I would love to read more about everyone else’s literary travels as well! So here are some general guidelines for Travel Thursday if you’d like to participate!
- Every Thursday (or any Thursday you want to participate), choose a book that features somewhere you’d like to travel to! It could be somewhere you’ve never been before or somewhere you’d like to visit again.
- Include a description of the location and why you’d like to visit!
- Link back to me so I can find new blogs to follow (and add new places to my travel bucket list)!
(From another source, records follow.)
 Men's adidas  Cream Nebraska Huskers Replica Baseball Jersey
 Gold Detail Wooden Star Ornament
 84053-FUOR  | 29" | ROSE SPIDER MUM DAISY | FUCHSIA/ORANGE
The Signature of All Things
- Author: Elizabeth Gilbert
- Series: N/a
- Year of publication: 2013
- Genre: Historical Fiction
- Setting(s): London (England), Peru, Philadelphia (USA), Tahiti, Amsterdam (The Netherlands)
- Goodreads Synopsis:
A glorious, sweeping novel of desire, ambition, and the thirst for knowledge, from the # 1 New York Times bestselling author of Eat, Pray, Love and Committed.
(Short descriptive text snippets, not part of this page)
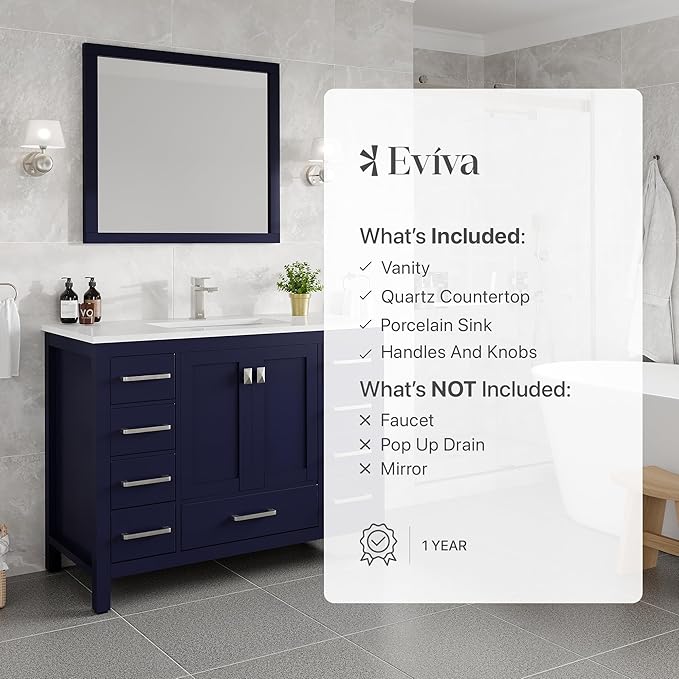 Eviva London 42 in. Blue Single Sink Bath Vanity with Carrara Quartz Top and Undermount Porcelain Sink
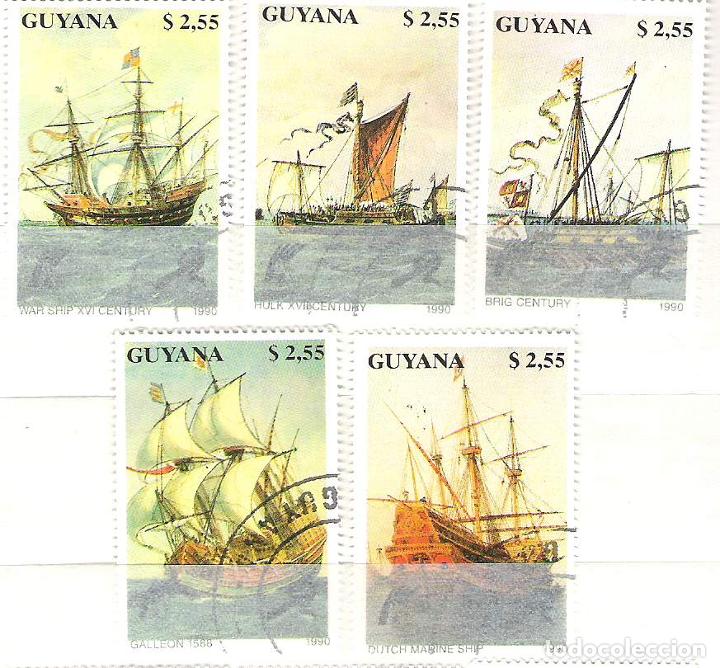 Sellos: Guyana 1990 Ships, paintings, used    A.95 - Foto 1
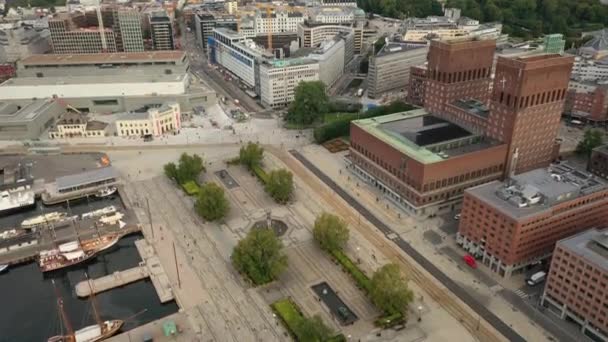 Oslo Noorwegen Prachtige Panoramische Luchtvideo Van Vliegende Drone Naar Oslo — Stockvideo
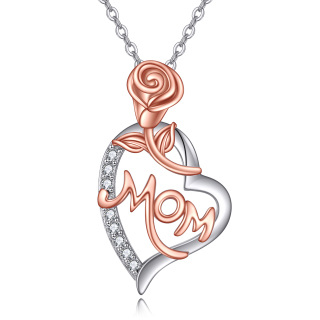 Sterling Silver Two-tone Cubic Zirconia Rose & Heart Pendant Necklace with Engraved Word-4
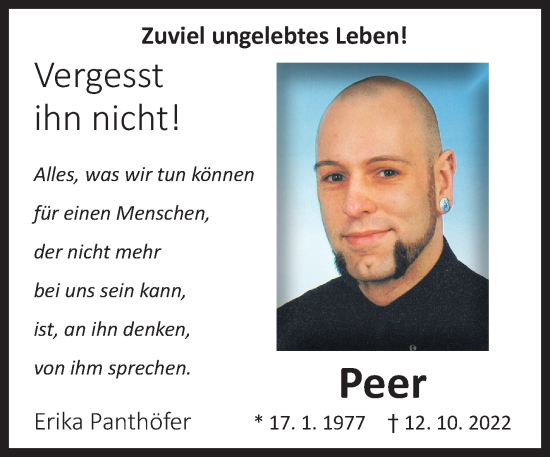 Traueranzeige von Peer  von Siegener Zeitung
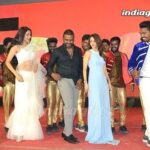 Nikki Tamboli Instagram - #shakeyobody #kanchana3 few stills from today’s pre release event of Kanchana3 in Hyderabad 🙏🏻#19thapril release world wide #nikkitamboli#nikkitambolifansclub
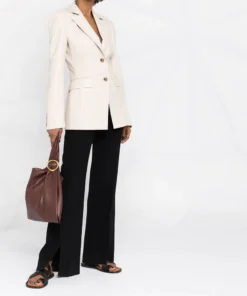 NANUSHKA Cream 'Hathi' Leather Blazer Clothing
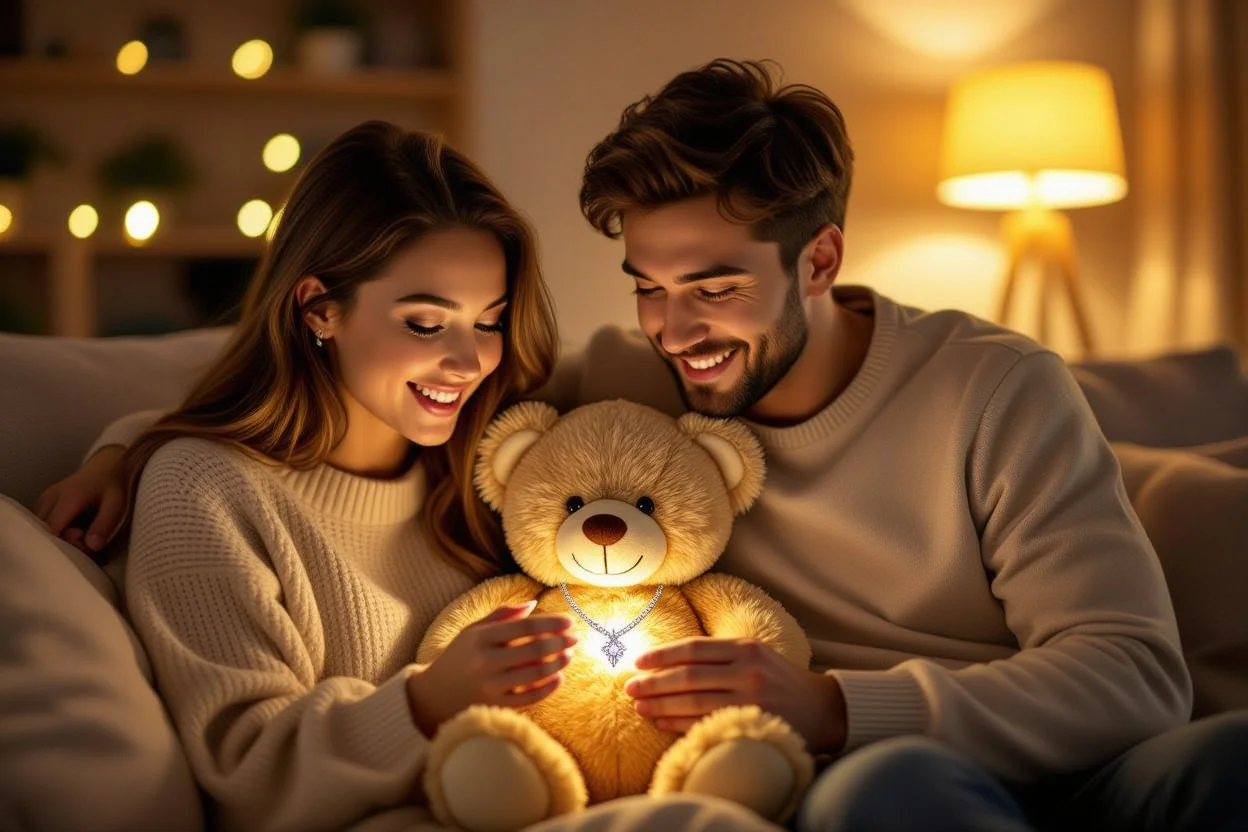 Couple sharing romantic moment discovering hidden necklace in teddy bear gift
In The Signature of All Things, Elizabeth Gilbert returns to fiction, inserting her inimitable voice into an enthralling story of love, adventure and discovery. Spanning much of the eighteenth and nineteenth centuries, the novel follows the fortunes of the extraordinary Whittaker family as led by the enterprising Henry Whittaker—a poor-born Englishman who makes a great fortune in the South American quinine trade, eventually becoming the richest man in Philadelphia. Born in 1800, Henry’s brilliant daughter, Alma (who inherits both her father’s money and his mind), ultimately becomes a botanist of considerable gifts herself. As Alma’s research takes her deeper into the mysteries of evolution, she falls in love with a man named Ambrose Pike who makes incomparable paintings of orchids and who draws her in the exact opposite direction — into the realm of the spiritual, the divine, and the magical. Alma is a clear-minded scientist; Ambrose a utopian artist — but what unites this unlikely couple is a desperate need to understand the workings of this world and the mechanisms behind all life.
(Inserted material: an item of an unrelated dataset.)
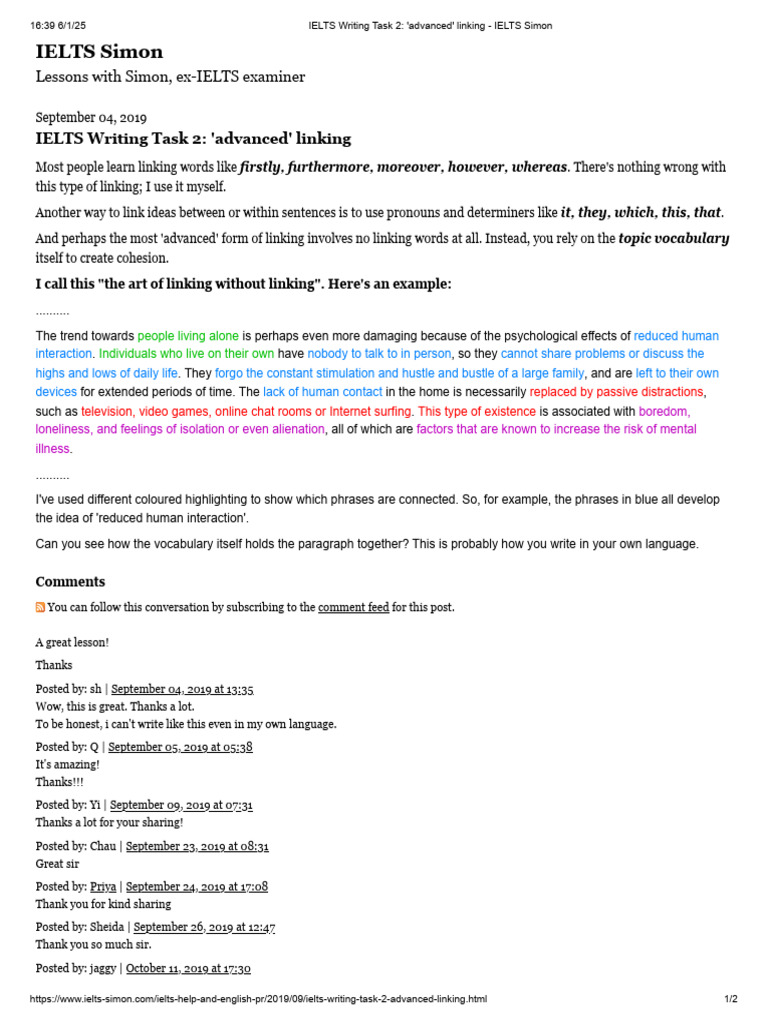 IELTS Writing Task 2 - 'Advanced' Linking - IELTS Simon | PDF ...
Exquisitely researched and told at a galloping pace, The Signature of All Things soars across the globe—from London to Peru to Philadelphia to Tahiti to Amsterdam, and beyond. Along the way, the story is peopled with unforgettable characters: missionaries, abolitionists, adventurers, astronomers, sea captains, geniuses, and the quite mad. But most memorable of all, it is the story of Alma Whittaker, who — born in the Age of Enlightenment, but living well into the Industrial Revolution — bears witness to that extraordinary moment in human history when all the old assumptions about science, religion, commerce, and class were exploding into dangerous new ideas. Written in the bold, questing spirit of that singular time, Gilbert’s wise, deep, and spellbinding tale is certain to capture the hearts and minds of readers.
Thoughts and Photos
I listened to this one as an audiobook a couple years ago and absolutely loved it. It’s one that has really stayed with me due to its strong and intelligent female protagonist, powerful themes of desire, and its sprawling setting that spans both time and space. It’s set in the 18th and 19th centuries, and yet it still manages to feel so modern and relatable. As for the setting, if you could only choose one book to help you feel like you were traveling the world, this would be the book you should choose. Alma’s journey is both spiritual and physical, and as a reader it feels like you’re right there with her every step of the way.
Alma’s life and journey begin in Philadelphia, but her work as a botanist studying mosses ends up taking her all over the world, including to Tahiti and Amsterdam! Before that, her father’s journeys take us to London and Peru. If there were other settings that I’ve forgotten about, I apologize! It’s been a while since I’ve read it, and some of the details have escaped me. However, the overall message and sense of wanderlust of the book have stayed with me, and I’d highly recommend it to anyone! It is a very long book, which I found a little daunting at first, but it’s totally worth it so don’t let that deter you!
Here are some images inspired by the settings of The Signature of All Things!
The Signature of All Things is a beautiful book with many incredible settings. It’s perfect for those who want to travel the world (through books or otherwise)!
I wonder… Where in the world will my next book take me?